** Opening Data extracts block **

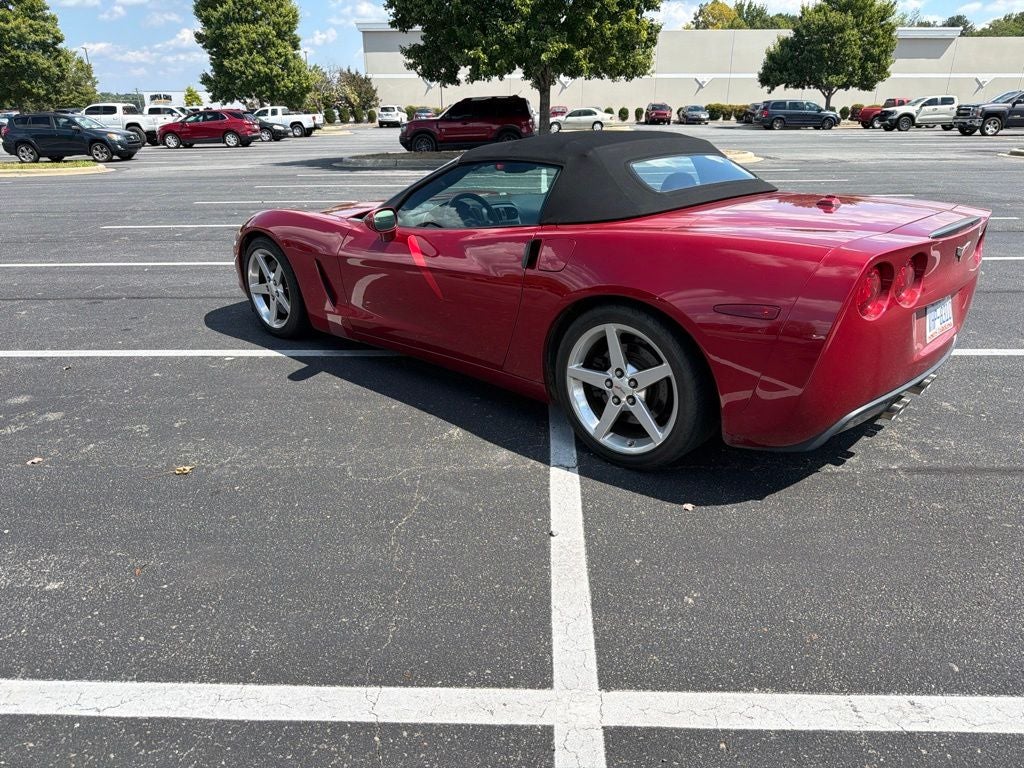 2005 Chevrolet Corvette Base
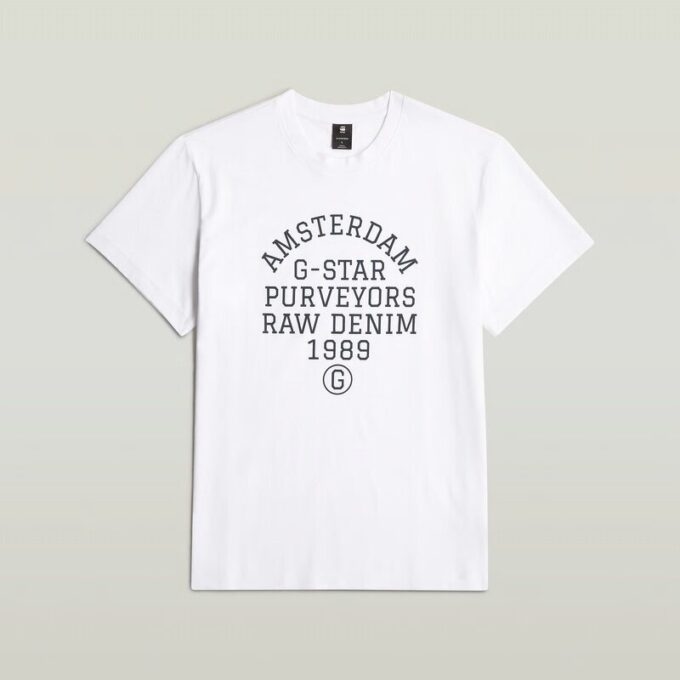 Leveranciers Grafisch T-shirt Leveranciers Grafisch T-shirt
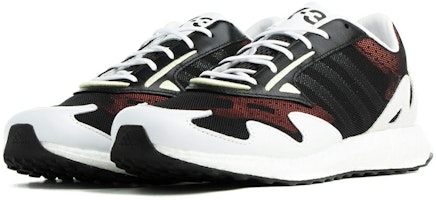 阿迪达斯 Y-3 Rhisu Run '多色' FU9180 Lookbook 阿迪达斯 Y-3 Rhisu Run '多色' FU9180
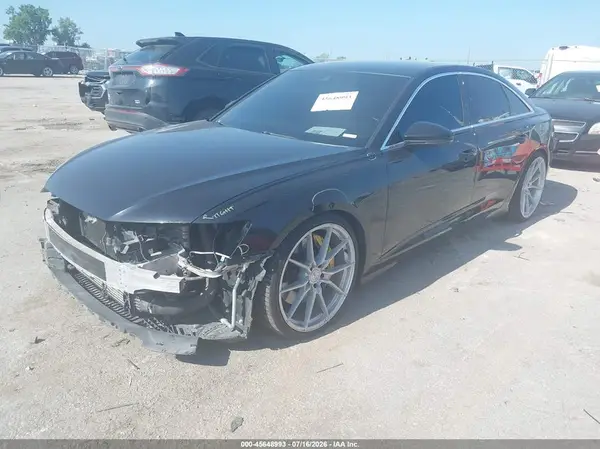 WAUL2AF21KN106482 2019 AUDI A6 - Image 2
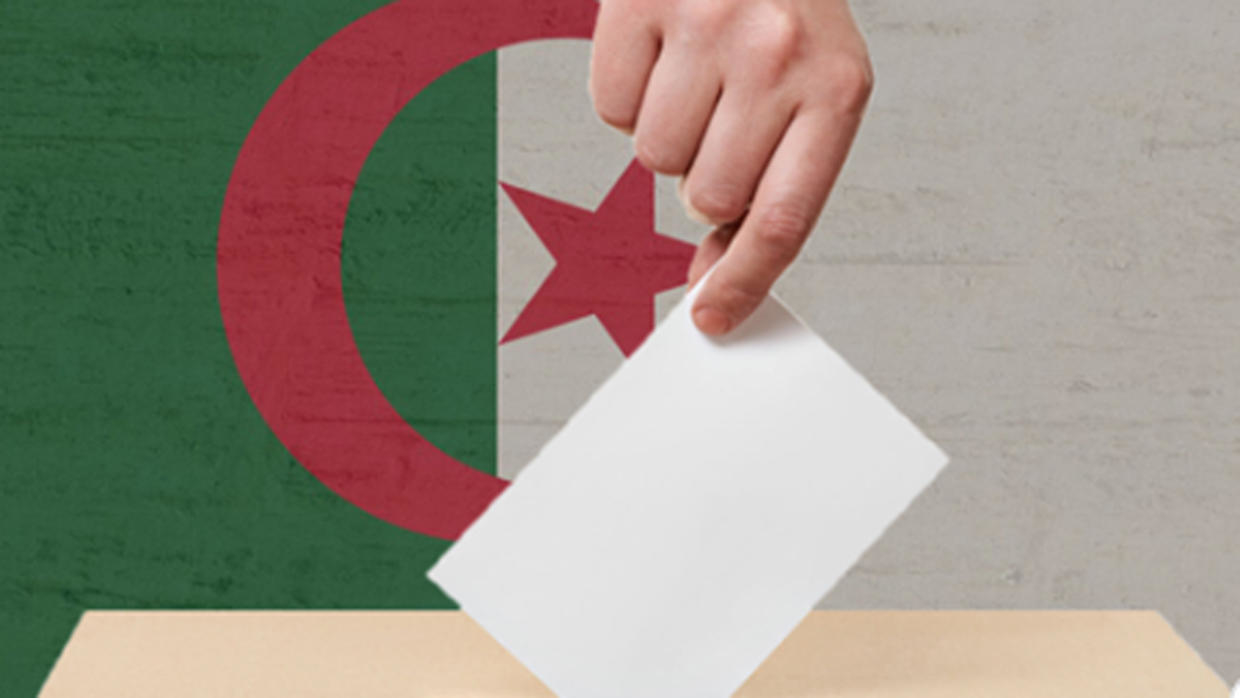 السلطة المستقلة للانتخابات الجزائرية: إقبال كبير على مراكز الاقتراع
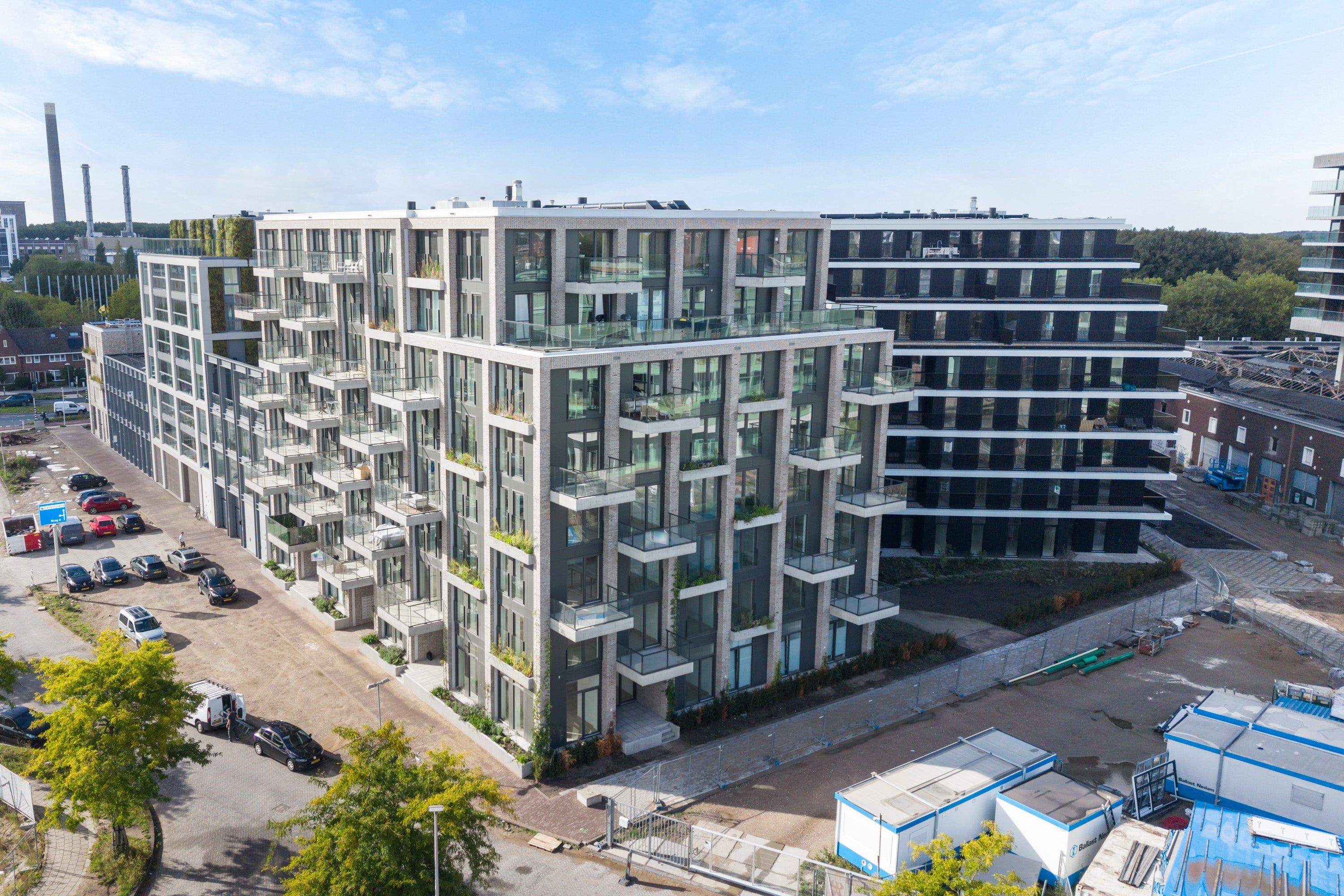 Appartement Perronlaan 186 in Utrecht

** Closing Data extracts block **
** Opening Data extracts block **

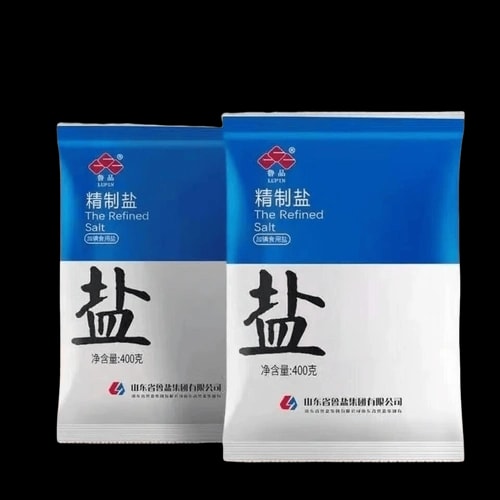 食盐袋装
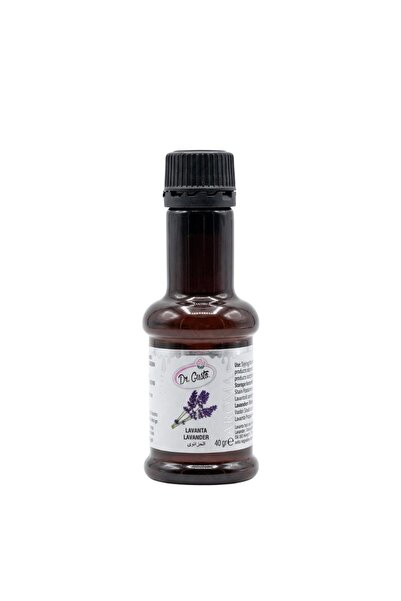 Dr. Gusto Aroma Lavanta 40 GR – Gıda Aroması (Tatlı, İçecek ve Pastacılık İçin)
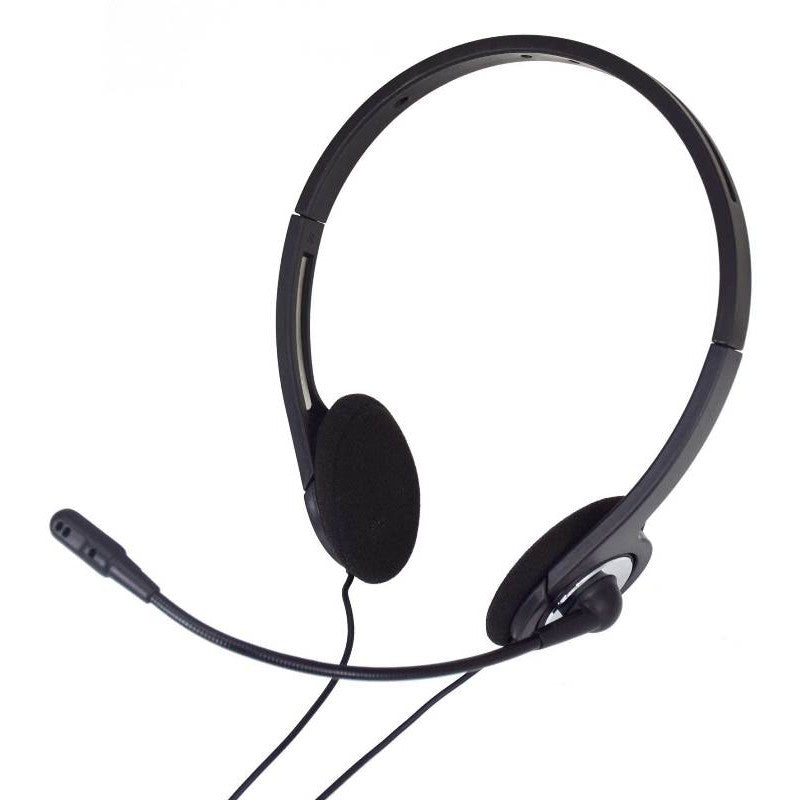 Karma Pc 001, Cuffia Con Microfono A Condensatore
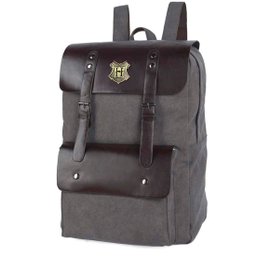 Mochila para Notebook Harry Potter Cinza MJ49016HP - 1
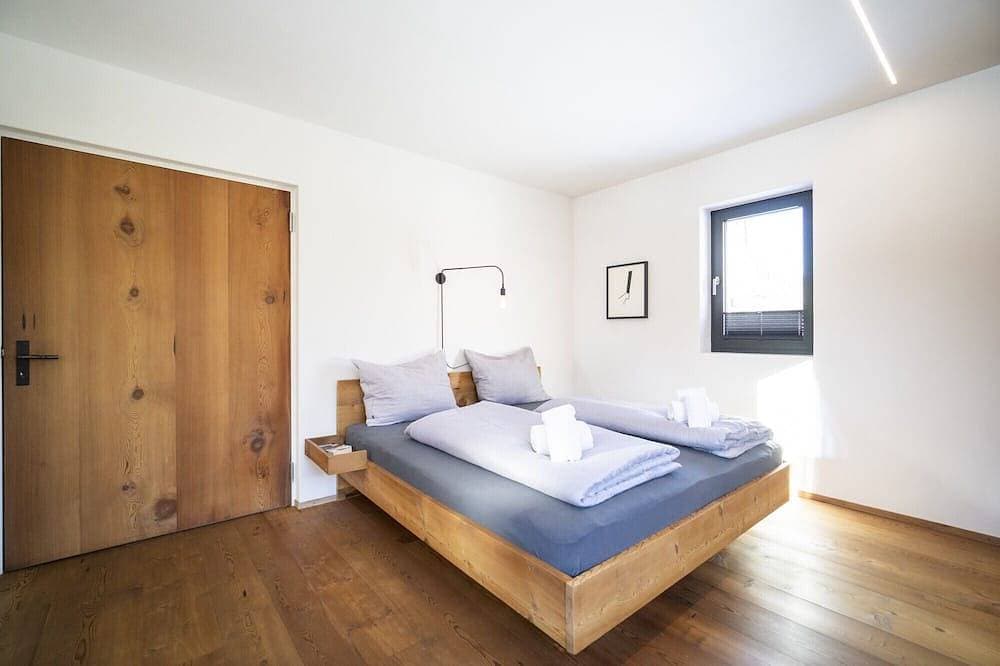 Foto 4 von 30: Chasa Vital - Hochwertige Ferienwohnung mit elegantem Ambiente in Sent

** Closing Data extracts block **
** Opening Data extracts block **

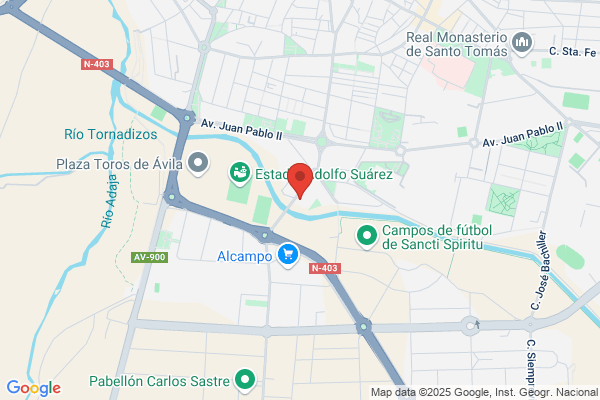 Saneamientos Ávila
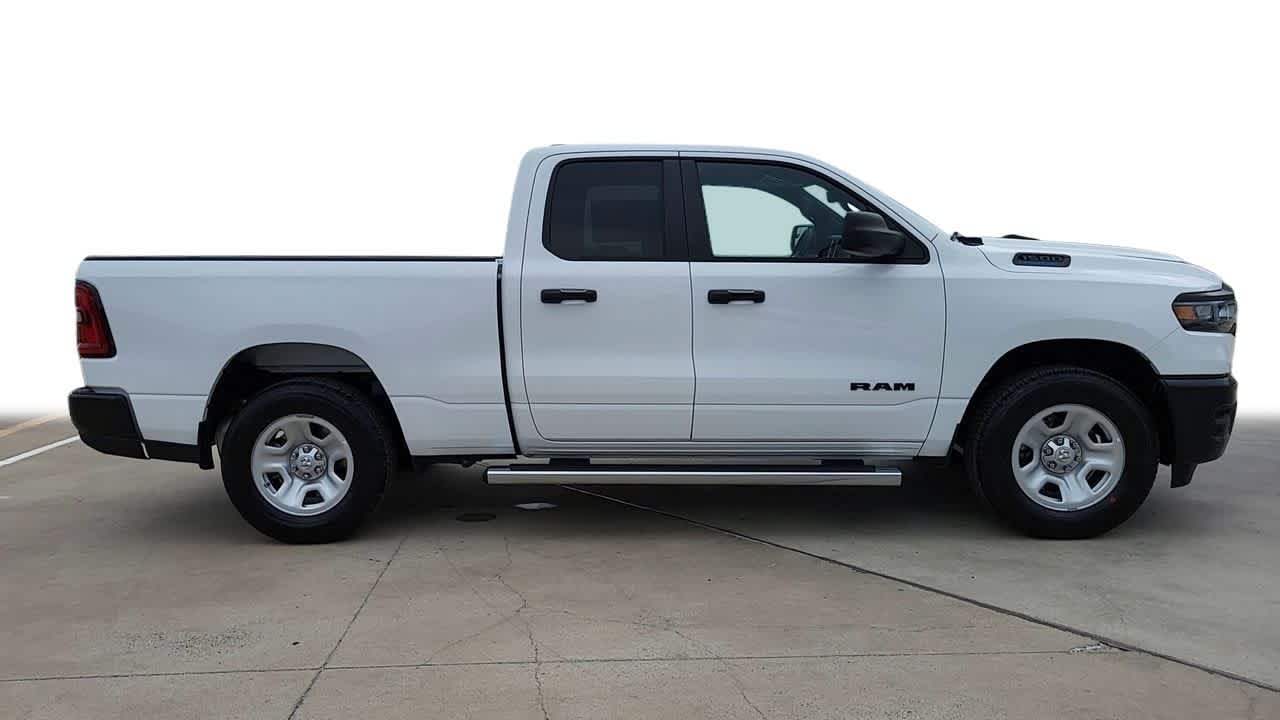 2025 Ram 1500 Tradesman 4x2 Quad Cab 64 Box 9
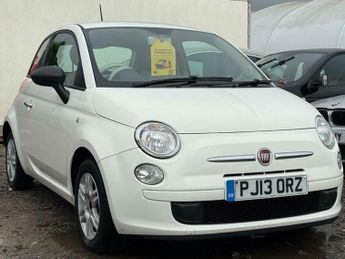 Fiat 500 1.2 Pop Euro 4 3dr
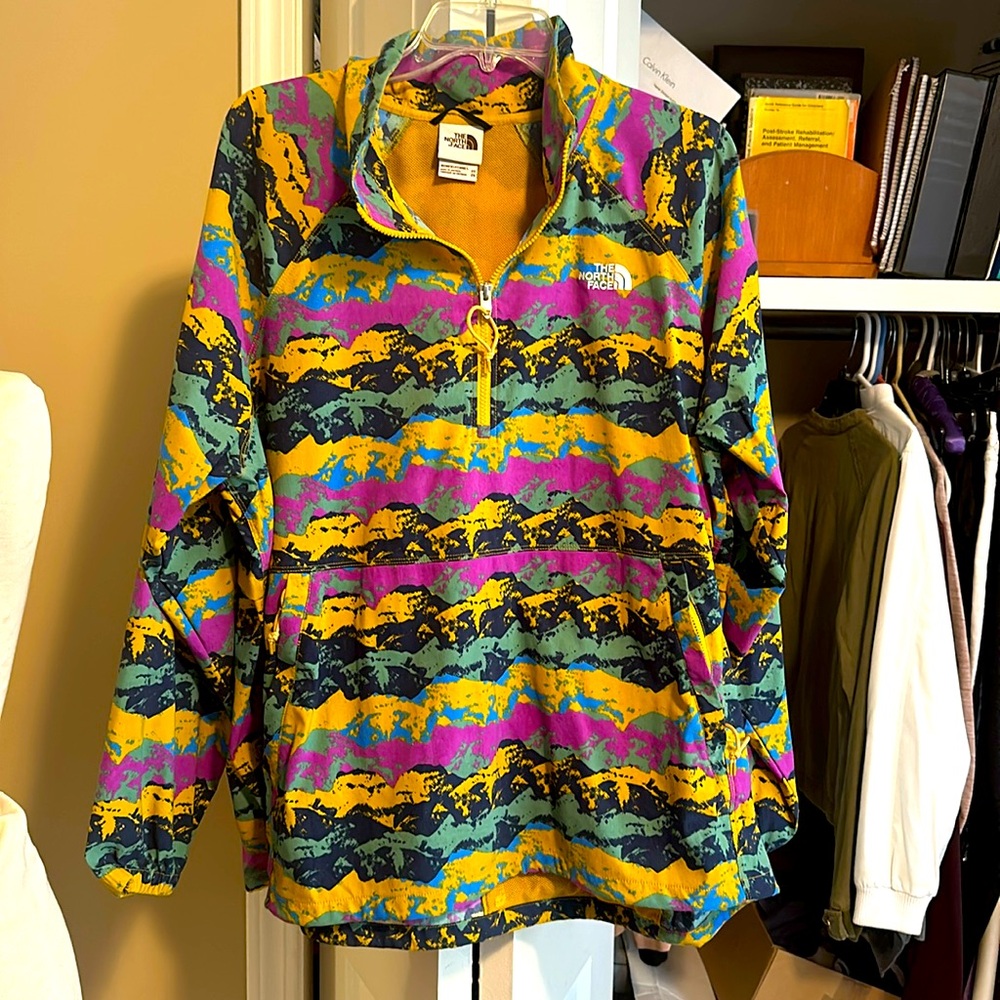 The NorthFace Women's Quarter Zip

** Closing Data extracts block **

*What you have to do*
In the records above, find the line containing "2025 Ram 1500" and the line containing "The NorthFace Women's Quarter Zip", then give both of them again word for word along with every line between. Omit any pictures.

*Task answer*
 2025 Ram 1500 Tradesman 4x2 Quad Cab 64 Box 9
 Fiat 500 1.2 Pop Euro 4 3dr
 The NorthFace Women's Quarter Zip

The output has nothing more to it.